[Caption-style text data]
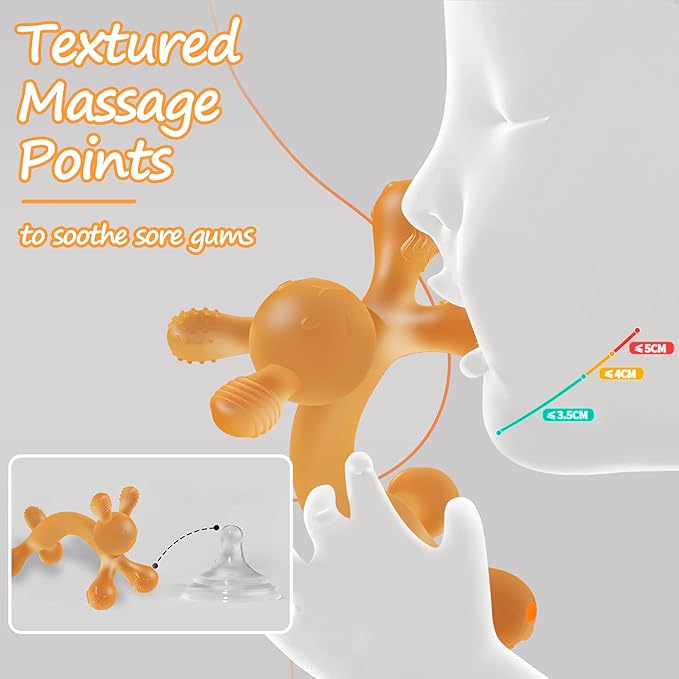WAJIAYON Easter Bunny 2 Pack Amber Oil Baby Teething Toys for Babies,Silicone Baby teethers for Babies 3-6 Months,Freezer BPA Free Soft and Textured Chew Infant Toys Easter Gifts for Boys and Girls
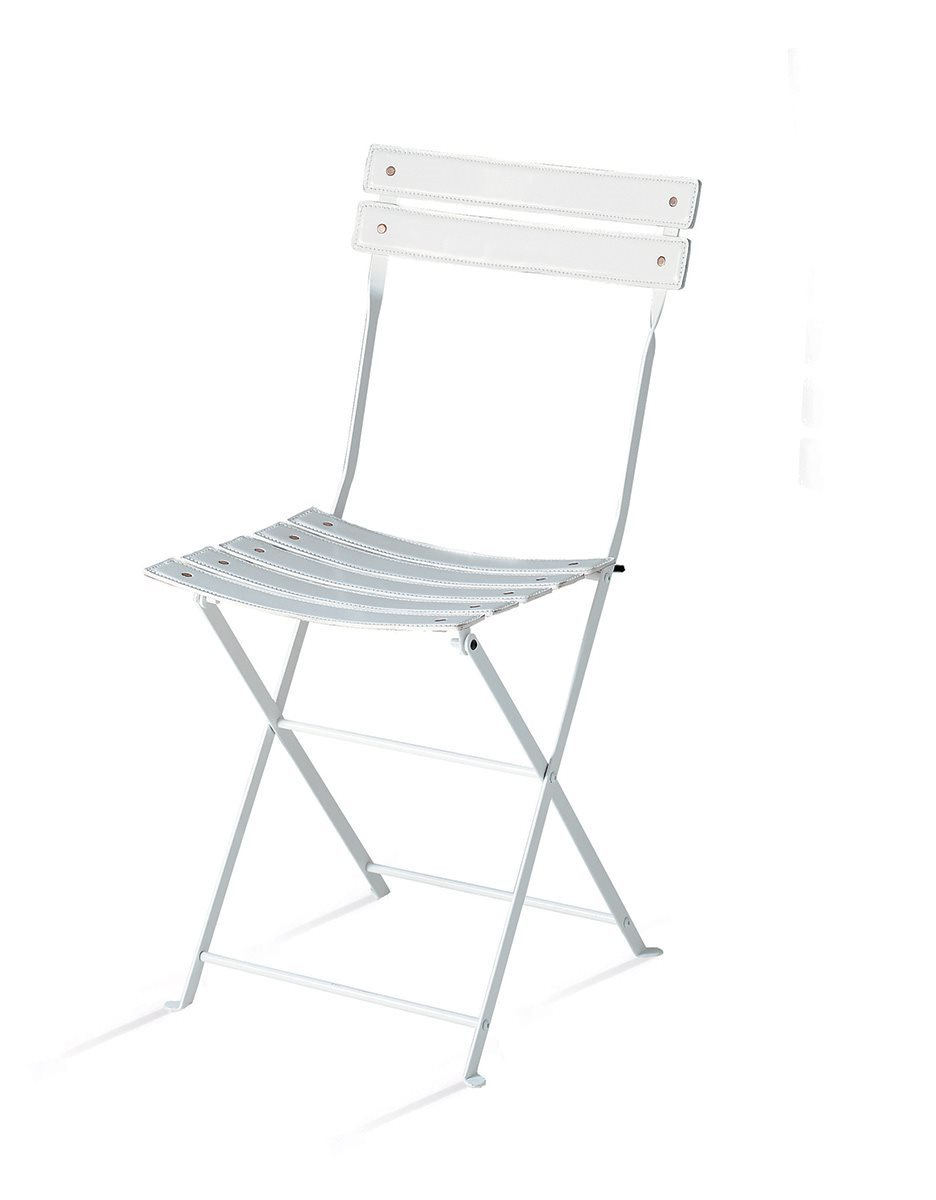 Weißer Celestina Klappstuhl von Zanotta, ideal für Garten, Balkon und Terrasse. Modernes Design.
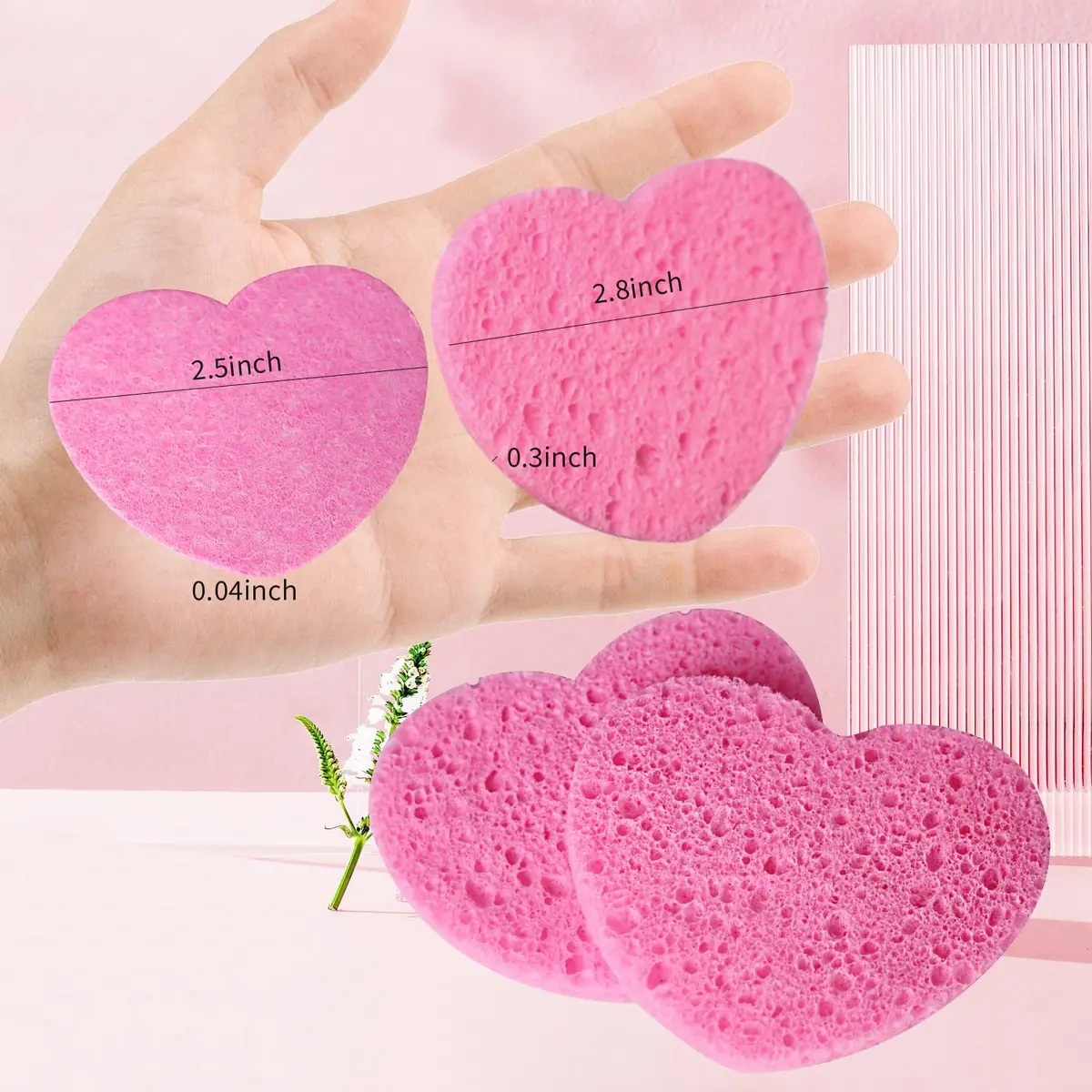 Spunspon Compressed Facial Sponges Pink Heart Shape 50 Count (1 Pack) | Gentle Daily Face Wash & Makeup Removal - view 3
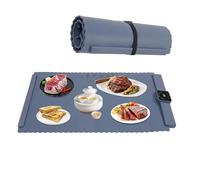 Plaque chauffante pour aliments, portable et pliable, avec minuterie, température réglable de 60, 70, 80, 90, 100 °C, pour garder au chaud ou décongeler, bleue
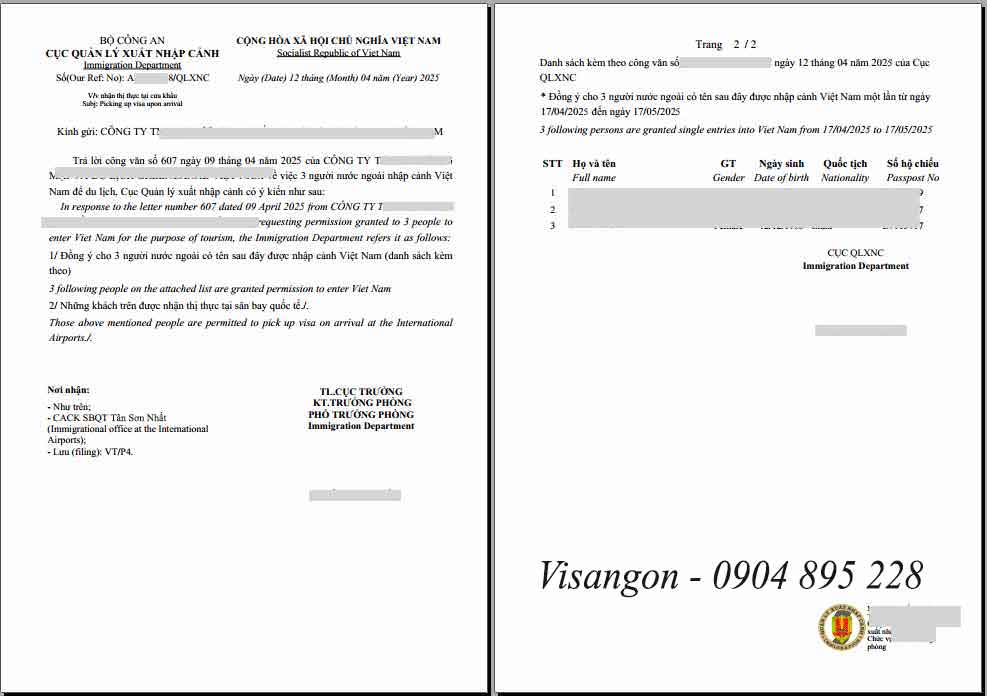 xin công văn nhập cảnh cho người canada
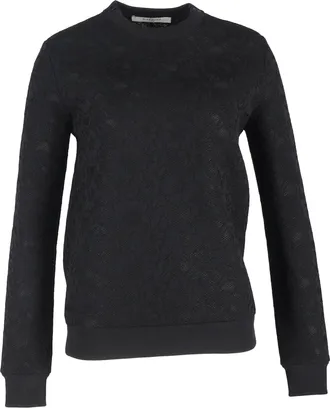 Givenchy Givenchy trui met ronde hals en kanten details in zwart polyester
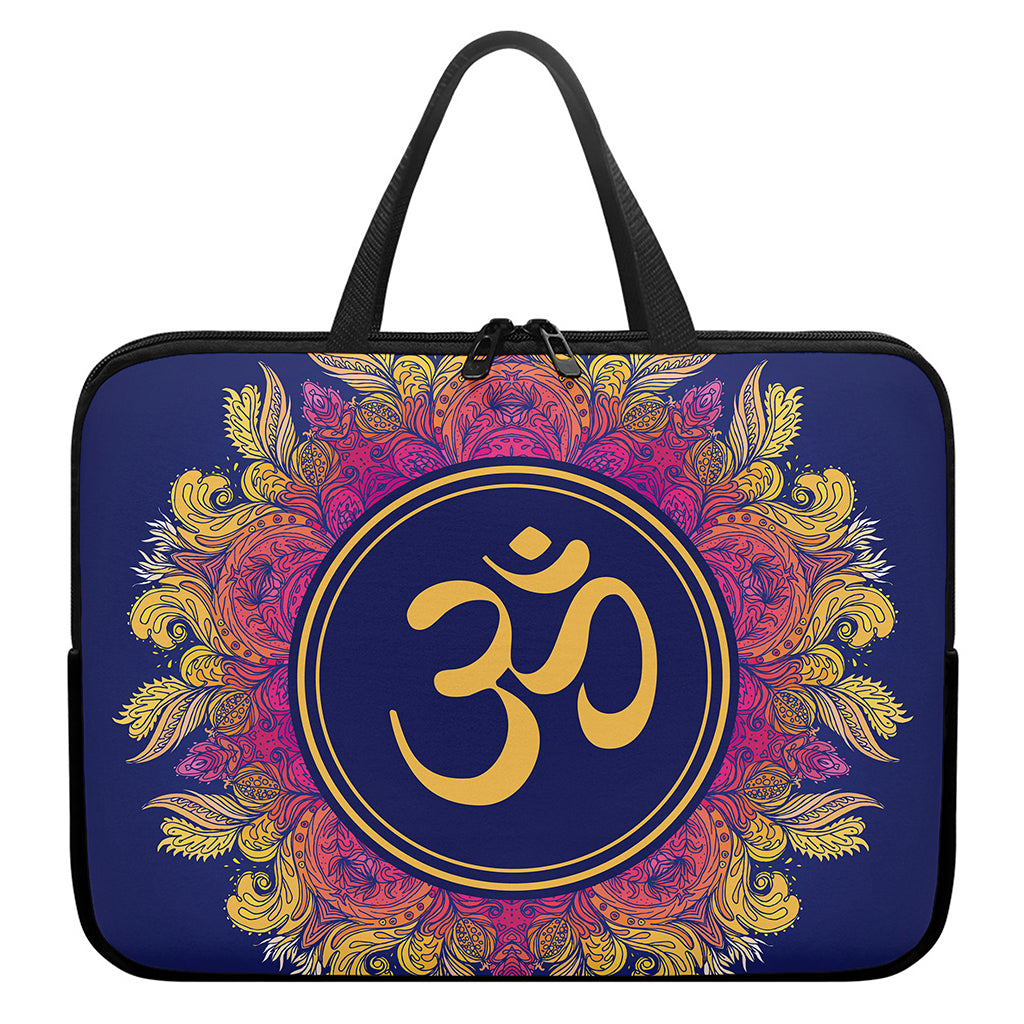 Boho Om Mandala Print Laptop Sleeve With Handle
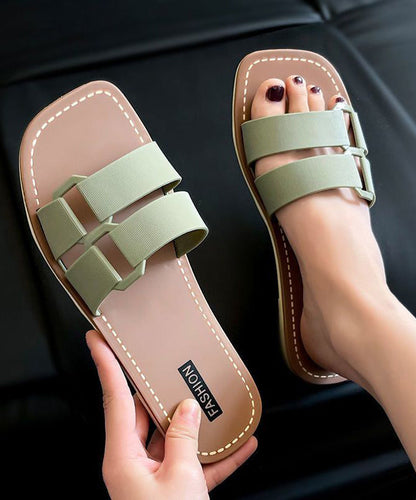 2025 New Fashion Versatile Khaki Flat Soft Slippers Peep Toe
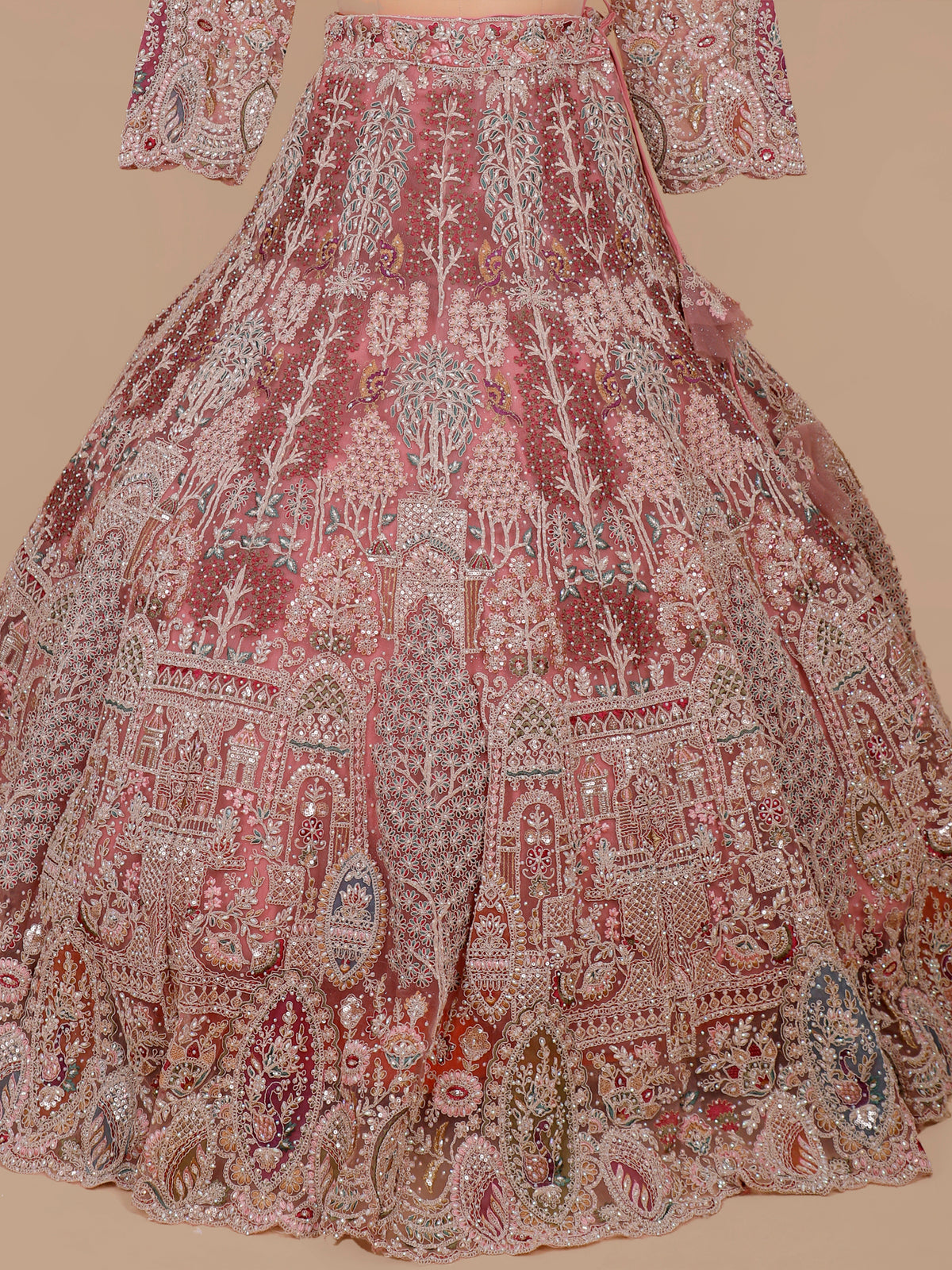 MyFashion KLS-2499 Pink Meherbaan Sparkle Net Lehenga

Task brief: Reproduce exactly the part of the records above that begins at the line holding "Givenchy Givenchy trui" and ends at the final line, both included, leaving out the pictures.

Written answer:
 Givenchy Givenchy trui met ronde hals en kanten details in zwart polyester
 Boho Om Mandala Print Laptop Sleeve With Handle
 2025 New Fashion Versatile Khaki Flat Soft Slippers Peep Toe
 MyFashion KLS-2499 Pink Meherbaan Sparkle Net Lehenga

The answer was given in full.